# Task requirements
Each line of the data is to be output verbatim, with the images removed.

# Data block
————

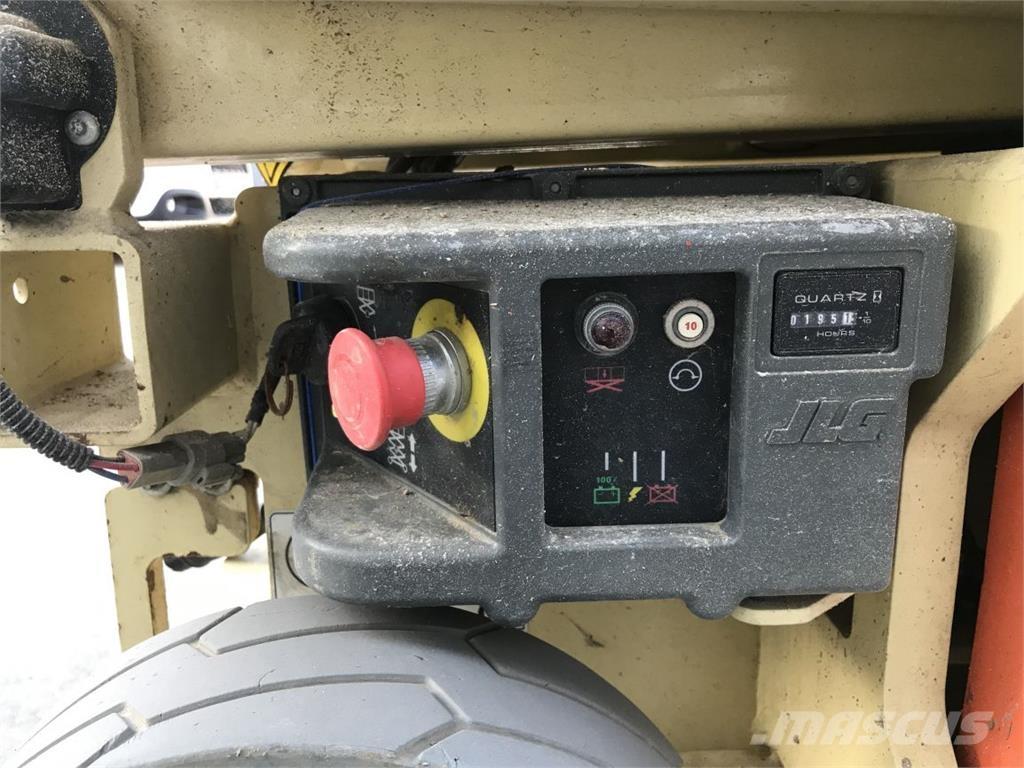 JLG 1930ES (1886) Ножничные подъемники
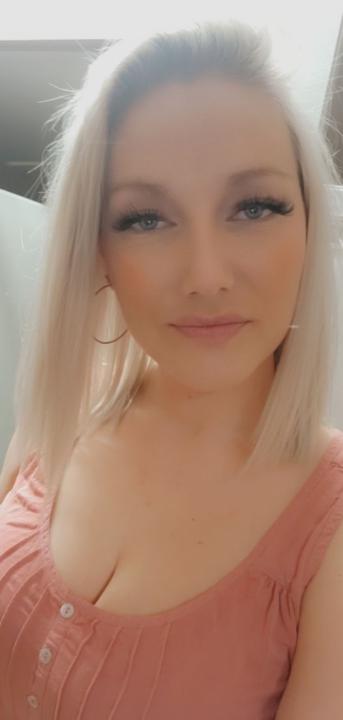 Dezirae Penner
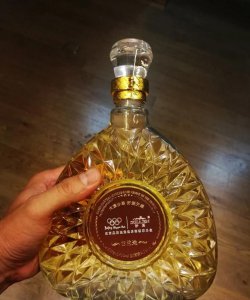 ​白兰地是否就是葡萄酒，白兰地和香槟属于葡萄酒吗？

————

# Answer to this task
 JLG 1930ES (1886) Ножничные подъемники
 Dezirae Penner
 ​白兰地是否就是葡萄酒，白兰地和香槟属于葡萄酒吗？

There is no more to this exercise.